=== Task inputs ===

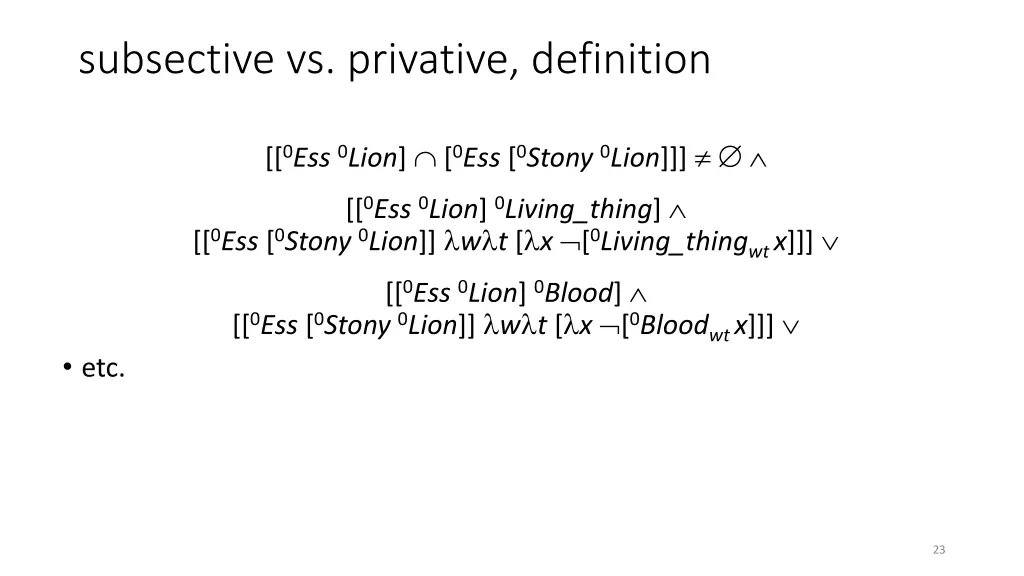 subsective vs privative definition 5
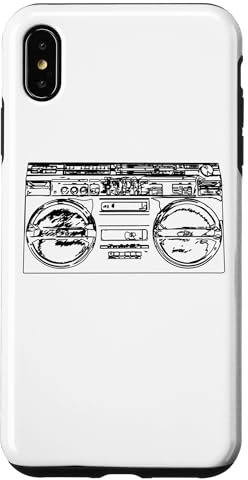 Old School Rap Ghettoblaster Retro Stil 80er Hiphop Musik Hülle für iPhone XS Max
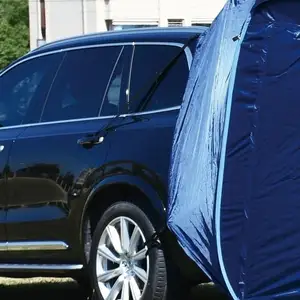 Grosir tenda berkualitas tinggi 250*250*196cm poliester tenda kendaraan Trailer Suv tenda kendaraan
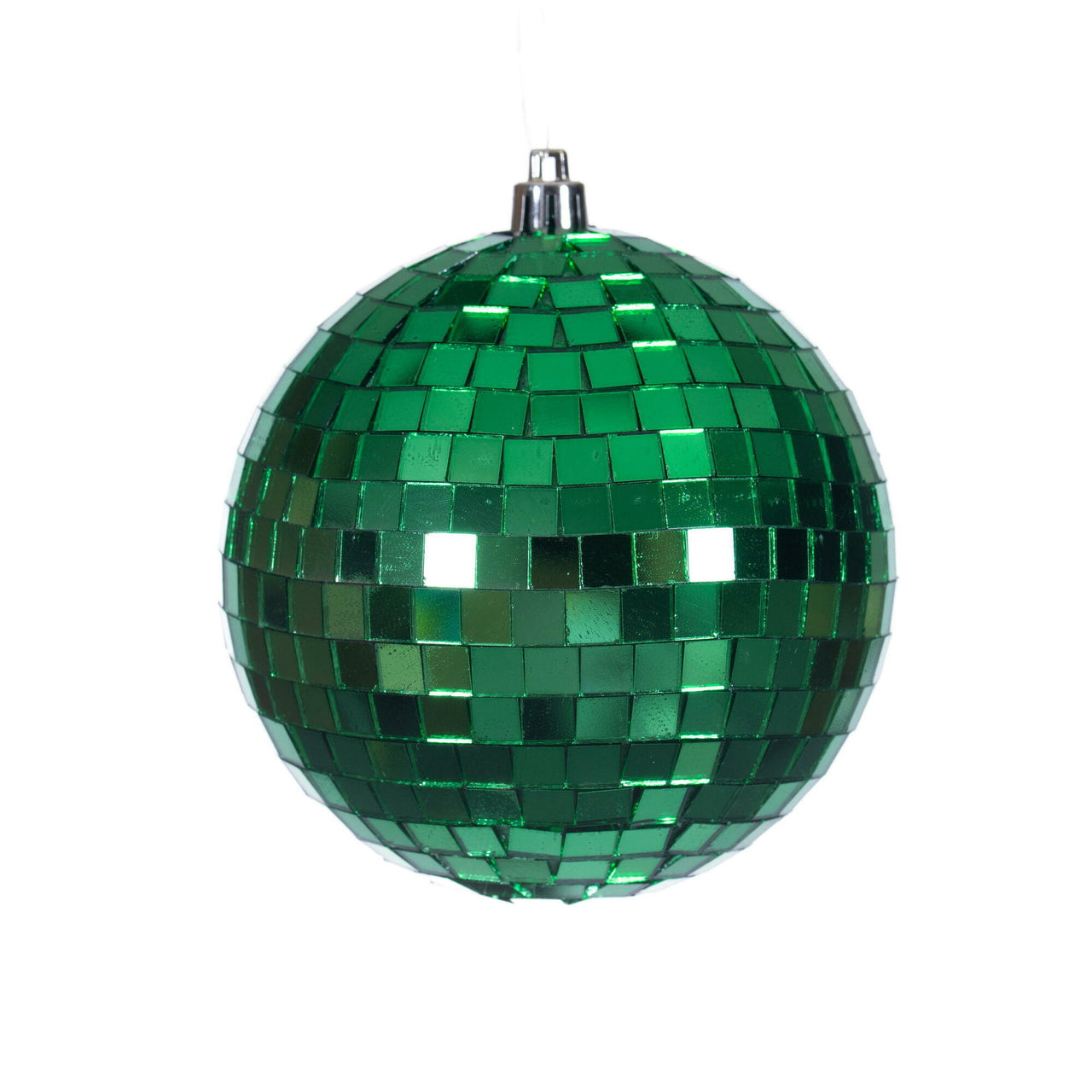 4" Green Mirror Ball Ornament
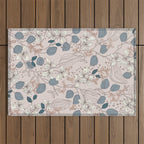 Floral elegance relaxed subtle contrasts Outdoor Rug Gallery Image 1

=== Work instruction ===
The listing above needs to be output again exactly. Don't include the pictures.

=== Result for this exercise ===
 subsective vs privative definition 5
 Old School Rap Ghettoblaster Retro Stil 80er Hiphop Musik Hülle für iPhone XS Max
 Grosir tenda berkualitas tinggi 250*250*196cm poliester tenda kendaraan Trailer Suv tenda kendaraan
 4" Green Mirror Ball Ornament
 Floral elegance relaxed subtle contrasts Outdoor Rug Gallery Image 1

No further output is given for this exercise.